Vaunted 2013 Deadline for TPP Passes as Singapore Ministerial Ends Without a Deal, More Talks Slated for 2014
Obama Administration Bullies Other Nations into Accepting Terms Demanded By Big Pharma, Rolls Back Bush-Era Access to Medicine Reforms; Congressionally-Demanded Labor and Environmental Standards Not Agreed, Currency Manipulation Rules Not Discussed
Thankfully, the do-or-die trade ministers meeting designed to seal a deal on the controversial Trans-Pacific Partnership by the Obama administration’s much-touted 2013 deadline ended without a deal, said Public Citizen. Ominously, trade Ministers agreed to meet again in January, but no new deadline for completing the deal was set. However, many countries have caved to relentless U.S. demands that they alter their domestic patent and medicine pricing laws to meet the desires of large pharmaceutical firms.
“At this meeting, the negotiators’ political imperative to ‘make a deal’ - any deal - resulted in a raft of dangerous decisions that would severely threaten consumers’ access to affordable medicines, undermine Internet freedom and empower corporations to attack our domestic laws,” said Lori Wallach, Director of Public Citizen’s Global Trade Watch. “At the meeting, there was an altogether new desperation to lock in a deal because the TPP is in a race against time: as more details emerge weekly about the damage TPP could do to workers, consumers and the environment, grassroots and lawmaker opposition in many countries is growing.”
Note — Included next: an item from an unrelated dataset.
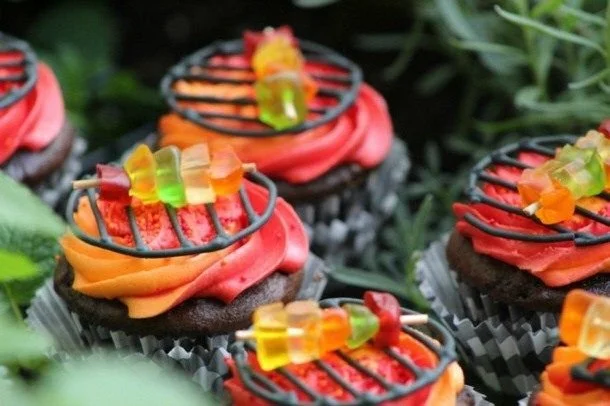 Delicious grill cupcakes served on a platter, decorated with colorful frosting.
The outrageous secrecy surrounding these talks means that many details from the negotiations are being kept from the public and Congress. Officials issued a short declaration announcing “substantial progress” and plans to meet in January.
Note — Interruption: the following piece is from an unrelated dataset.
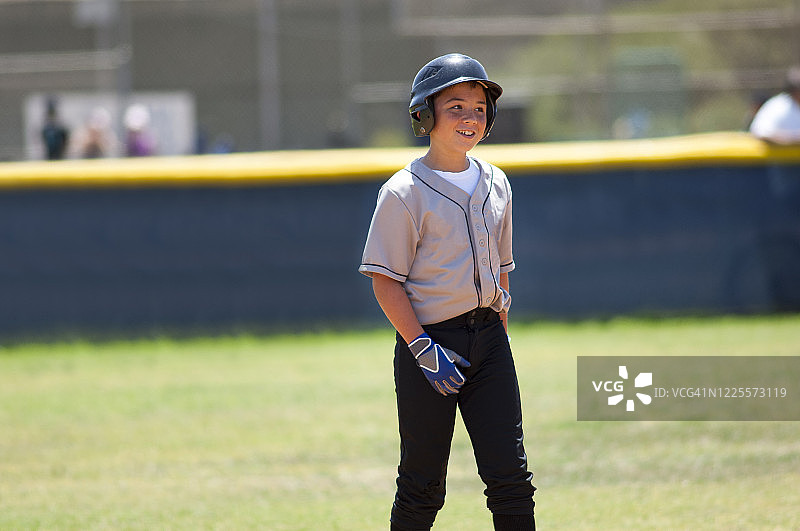 戴着棒球帽微笑的小联盟球员图片素材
“At this stage, the draft TPP text must be released so those of us who will live with the results can know just what was this so-called “progress” entailed, and at whose expense,” Wallach said. “The ploy seems to be to try to seal a deal so there is a sense of inevitability, but a TPP that would lock in a corporate wish-list of anti-consumer, anti-environment policies and promote more job offshoring will hit a wall of massive opposition.”
It appears that U.S. officials did not even raise the demand made by 260 U.S. House and 60 U.S. Senate members that TPP must include enforceable disciplines against currency cheating. But a deal without these terms is dead on arrival in the U.S. Congress.
Leaks from the secretive talks this weekend showed that against nearly every other countries’ objections, U.S. negotiators were adamantly pushing an expansion of the investor privileges and investor-state dispute settlement that expose domestic policies to attack in foreign tribunals where foreign investors can demand government compensation for policies that undermine their expected future profits. Enforceable labor and environmental standards and enforceable disciplines on unfair subsidies for state owned enterprises that the U.S. Congress has demanded are still not agreed. And U.S. officials continued to insist, against every other countries’ opposition, that the TPP ban the use of important macroprudential financial measures in every signatory country – from capital controls to speculation taxes.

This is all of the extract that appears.